If that’s not the case, mount it using the commands down here:
sudo mount bpffs -t bpf /sys/fs/bpf
sudo bash -c 'cat <<EOF >> /etc/fstab
none /sys/fs/bpf bpf rw,relatime 0 0
EOF'
CRI-O
KUBERNETES_VERSION=v1.32
CRIO_VERSION=v1.32
cat <<EOF | tee /etc/yum.repos.d/cri-o.repo
[cri-o]
name=CRI-O
baseurl=https://download.opensuse.org/repositories/isv:/cri-o:/stable:/$CRIO_VERSION/rpm/
enabled=1
gpgcheck=1
gpgkey=https://download.opensuse.org/repositories/isv:/cri-o:/stable:/$CRIO_VERSION/rpm/repodata/repomd.xml.key
EOF
yum install -y cri-o container-selinux fuse-overlayfs conmon
# Configure User anmespacing in CRI-O
mkdir /etc/crio/crio.conf.d/
sed -i 's|^cgroup_manager|#cgroup_manager|' /etc/crio/crio.conf.d/10-crio.conf
sed -i 's|^conmon_cgroup|#conmon_cgroup|' /etc/crio/crio.conf.d/10-crio.conf
cat <<EOF > /etc/crio/crio.conf.d/01-crio-base.conf
[crio]
storage_driver = "overlay"
storage_option = ["overlay.mount_program=/usr/bin/fuse-overlayfs"]
[crio.runtime]
selinux = true
cgroup_manager = "cgroupfs"
conmon_cgroup = 'pod'
EOF
cat <<EOF > /etc/crio/crio.conf.d/02-userns-workload.conf
[crio.runtime.workloads.userns]
activation_annotation = "io.kubernetes.cri-o.userns-mode"
allowed_annotations = ["io.kubernetes.cri-o.userns-mode"]
EOF
The CRI-O will run the containers with the containers user so I need to create /etc/subuid and /etc/subgid on nodes.
SubUID/GIDs are a range of user/group IDs that a user is allowed to use.
echo "containers:200000:268435456" >> /etc/subuid
echo "containers:200000:268435456" >> /etc/subgid
Install gVisor
gVisor provides an additional layer of isolation between running applications and the host operating system.
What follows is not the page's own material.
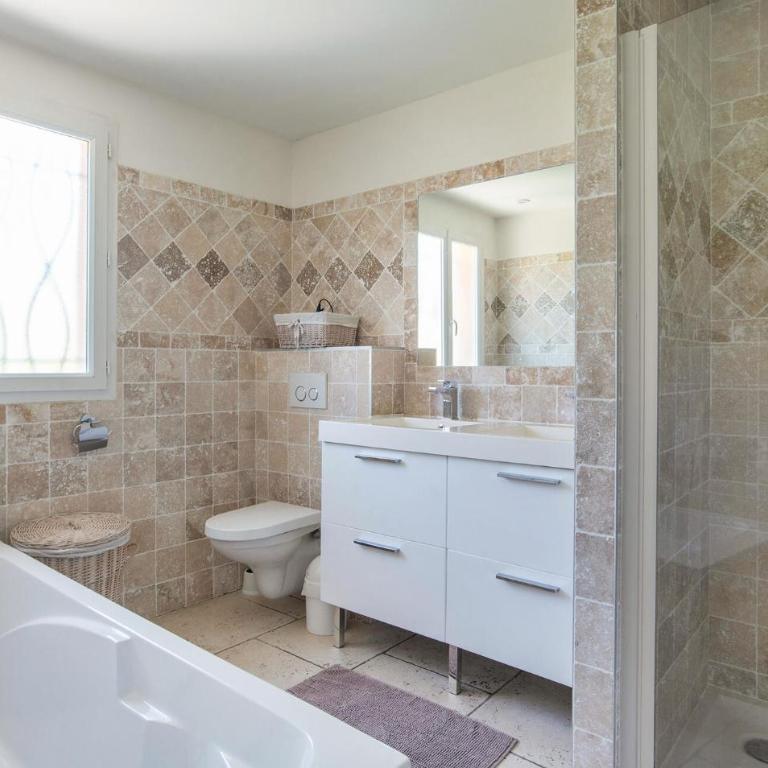 Stunning Home In Peymeinade - Maison de Vacances 4 Chambres - 13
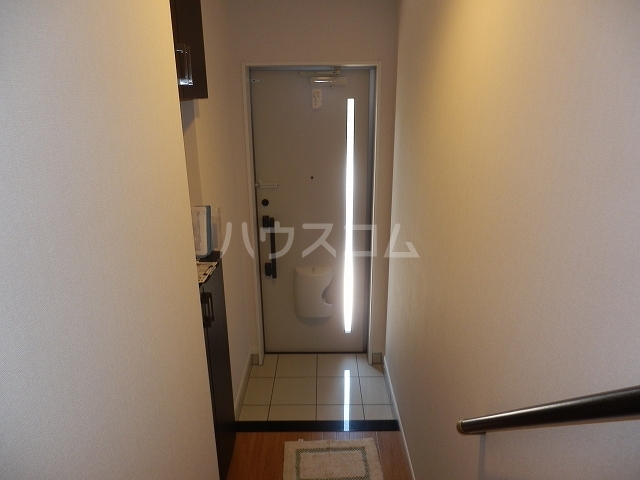 13/27 玄関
It includes an Open Container Initiative (OCI) runtime called runsc that makes it easy to work with existing container tooling. The runsc runtime integrates with Docker, CRI-O and Kubernetes, making it simple to run sandboxed containers.
cat <<EOF > ~/gvisor.sh
#!/bash
(
set -e
ARCH=$(uname -m)
URL=https://storage.googleapis.com/gvisor/releases/release/latest/${ARCH}
wget ${URL}/runsc ${URL}/runsc.sha512 \
${URL}/containerd-shim-runsc-v1 ${URL}/containerd-shim-runsc-v1.sha512
sha512sum -c runsc.sha512 \
-c containerd-shim-runsc-v1.sha512
rm -f *.sha512
chmod a+rx runsc containerd-shim-runsc-v1
sudo mv runsc containerd-shim-runsc-v1 /usr/local/bin
)
EOF
bash gvisor.sh
...
runsc: OK
containerd-shim-runsc-v1: OK
Now I need to configure CRI-O to use runsc as low-level runetime egine.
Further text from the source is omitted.